Разложив вещи, он спустился в цоколь и зашел в столовую позавтракать – в десять часов завтрак все еще подавали, и это стало его первой пробой английской кухни: тарелка, на которой были одно поджаренное яйцо-глазунья (жирное, но вкусное), две недожаренных полоски бекона (слегка отвратительные, но вкусные), две свиные сосиски, тщательно пропеченный печеный помидор и два толстых ломтя домашнего белого хлеба, намазанного девонширским маслом, которое было лучше любого сливочного масла, какое он когда-либо пробовал. Кофе пить было невозможно, поэтому он перешел на чайник чаю, несомненно – крепчайшего во всем христианском мире, его пришлось разбавлять горячей водой, прежде чем Фергусон сумел влить эту жидкость себе в горло, а затем сказал спасибо официанту, встал со стула и рысцой двинулся к мужской комнате на долгое, несчастное заседание со своими бурчащими кишками.

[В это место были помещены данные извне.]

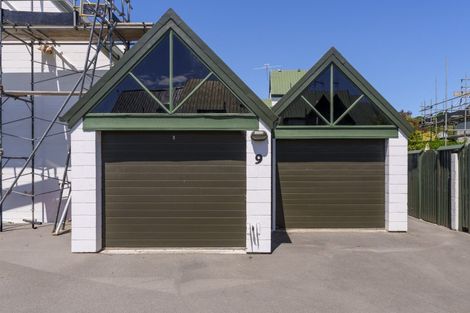 Photo of property in 9/24 Shrewsbury Street, Merivale, Christchurch, 8014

Ему хотелось выйти прогуляться, но мягкий дождик, ливший раньше, теперь превратился в ливень, и Фергусон, вместо того чтобы идти наверх и запираться у себя в номере, решил навестить знаменитый бар с деревянными панелями и поискать там призрак Ч. Обри Смита.
Бар в тот час был пуст, но никто, похоже, не возражал, когда он спросил, нельзя ли ему здесь немного посидеть, пока погода не прояснится (днем прогнозировали появление солнца), а поскольку коридорный был так любезен, когда Фергусон задал этот вопрос, он решил, что англичане ему нравятся, и он их считает благородными, щедрыми людьми, не такими чопорными, какими иногда могут быть французы, не такими сердитыми, какими могут оказываться американцы, а добродушными и спокойными, публика, в общем, терпимая, которая принимает слабости своих собратьев и не встревает и не осуждает тебя, если говоришь не с тем акцентом.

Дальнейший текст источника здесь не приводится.